Человек на сцене
Шрифт:
Другое впечатление красоты в "Гамлете" -- последний момент последней картины. На сцене -- трупы королевы, короля, Лаэрта, Гамлета. Под трубные звуки входят воины: на фоне бархатной зеленой занавески -- целый лес красных, длинных копий -- "le tableau des lances" Веласкеса в Мадридском музее. Входит Фортинбрас в великолепном рыцарском одеянии. Без малейшей красоты, без малейшего уважения к величию свершившегося, говорит он свои заключительные слова. Впечатление, какое и было, уничтожено, -- из Шекспира мы выкинуты на улицу.
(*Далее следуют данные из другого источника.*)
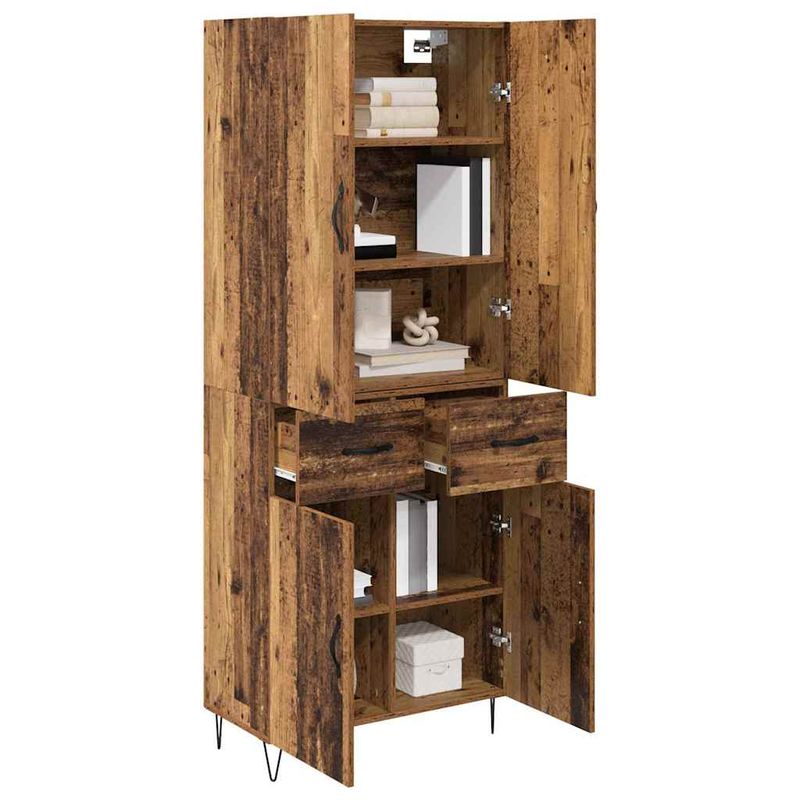 Casa si Gradina - Mobilier - Comode si corpuri - Comode - Bufet cu sertar 2 pcs Lemn Vechi Lemn Stratificat si Sticla - Infinity.ro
Но тогда шесть суровых воинов наклоняются над трупом Гамлета, подхватывают его и на вытянутых руках поднимают над своими головами. Только стальные концы копий выше его... И высоко над трупами, высоко над смятением земли, -- как соединительная черта между ужасами минувшего и светлыми надеждами будущего, -- подъято заглавие трагедии. Шествие должно тронуться, занавес падает.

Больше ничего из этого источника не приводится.